Roteamento inteligente e concorrência de mercado
O funcionamento do Perception baseia-se num sistema de roteamento que avalia cada tarefa e decide qual o modelo de inteligência artificial mais indicado para analisar a falha de segurança antes de distribuir o volume de trabalho. Com este método, a Microsoft procura fazer concorrência direta ao modelo Mythos da Anthropic, que se destaca no setor mas acarreta custos operacionais proibitivos. O intuito da criadora do Windows passa por alcançar o mesmo nível de eficácia com uma gestão financeira muito mais eficiente, embora os preços comerciais ainda não estejam finalizados.
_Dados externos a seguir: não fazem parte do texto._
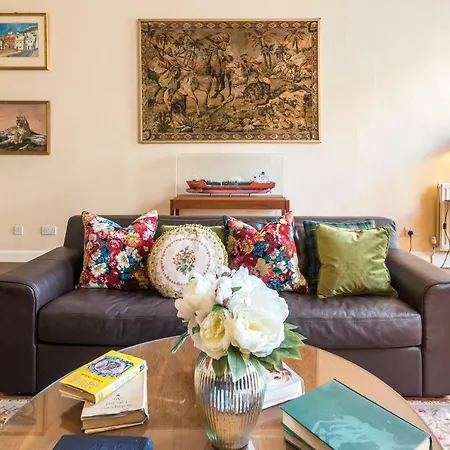 Grand & Spacious With Wifi * Edinburgh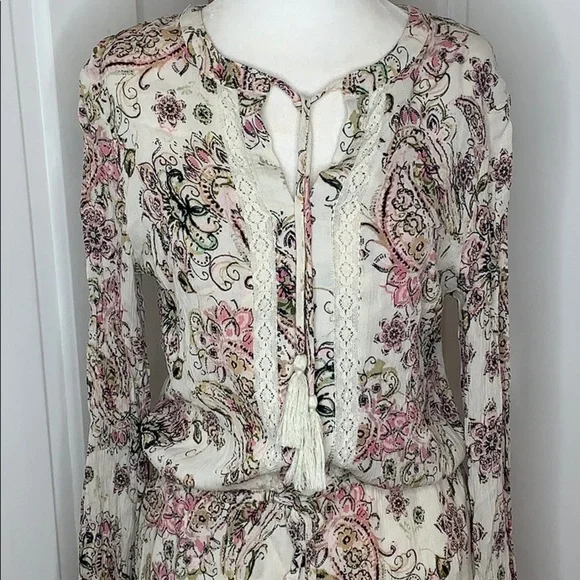 C&V CHELSEA & VIOLET•ROMPER - Picture 2 of 11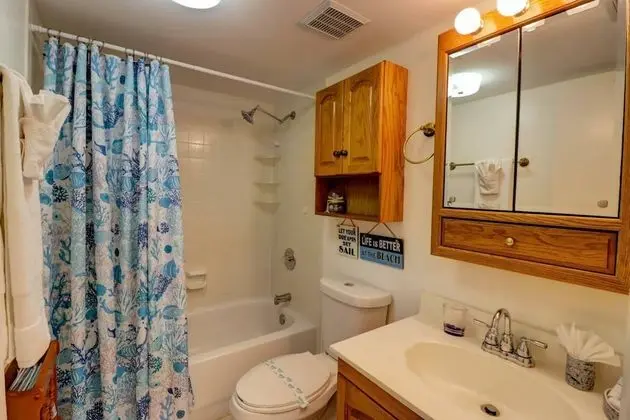 Daire (16360 Dublin Cir #202)
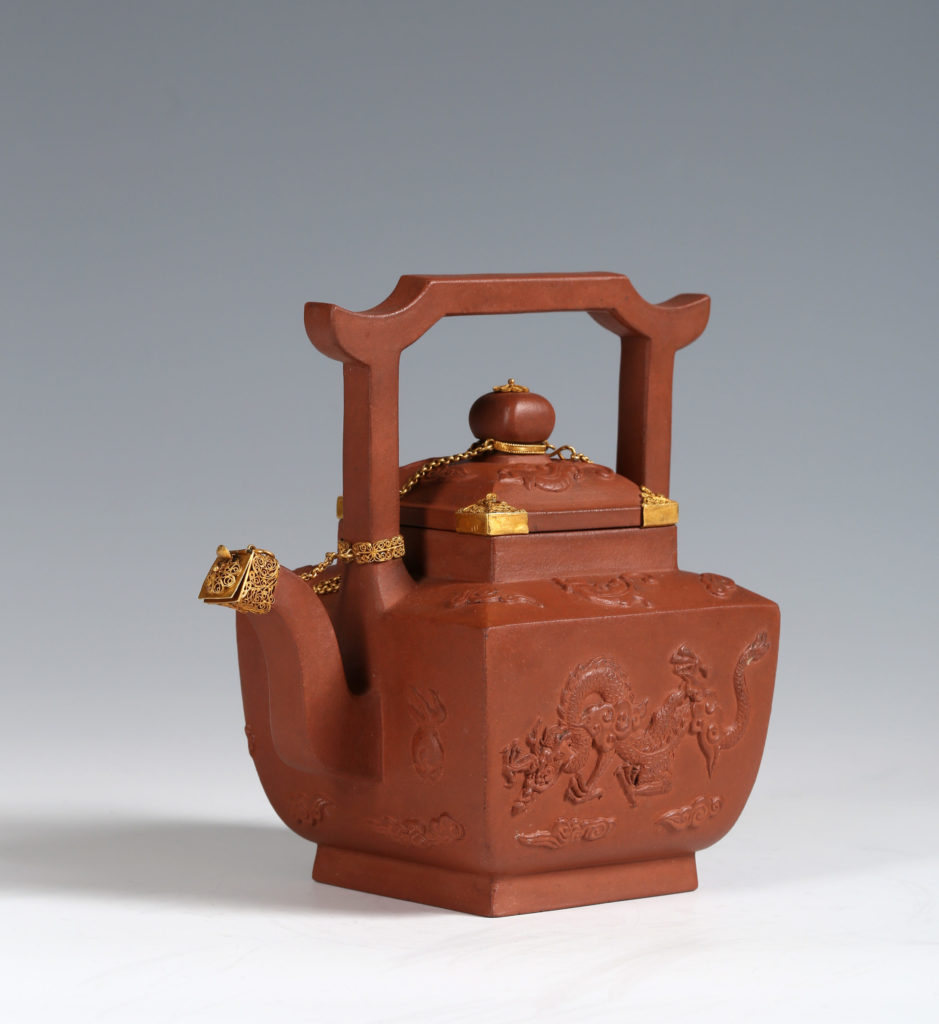 A GOLD FILIGREE MOUNTED YIXING TEAPOT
A iniciativa é liderada por Hayete Gallot, que assumiu a liderança da divisão de segurança da empresa em fevereiro. Desde então, a executiva tem reorganizado o ecossistema de proteção digital em torno de soluções modulares de IA, cortando o investimento em serviços legados. O foco no ambiente corporativo surge como a via ideal para rentabilizar os investimentos em modelos computacionais, aproveitando a maior margem orçamental das empresas em comparação com o consumidor doméstico.
Riscos associados e controlo de acessos
Por se tratar de uma tecnologia capaz de expor falhas críticas antes de existirem atualizações oficiais, a disponibilização do Project Perception deverá sofrer fortes restrições após a estreia. Trata-se de uma postura idêntica à adotada pela concorrência com os modelos Fable e Mythos, uma vez que o acesso indiscriminado a estas capacidades de exploração de código acarreta perigos severos para a infraestrutura digital global.
A aposta da Microsoft na automatização da cibersegurança já deu frutos palpáveis. Num dos mais recentes períodos de correções da empresa, a marca eliminou 570 vulnerabilidades de segurança graças a um mecanismo interno batizado de MDASH, sendo expectável que o novo ecossistema venha a integrar ou expandir esta metodologia de proteção ativa.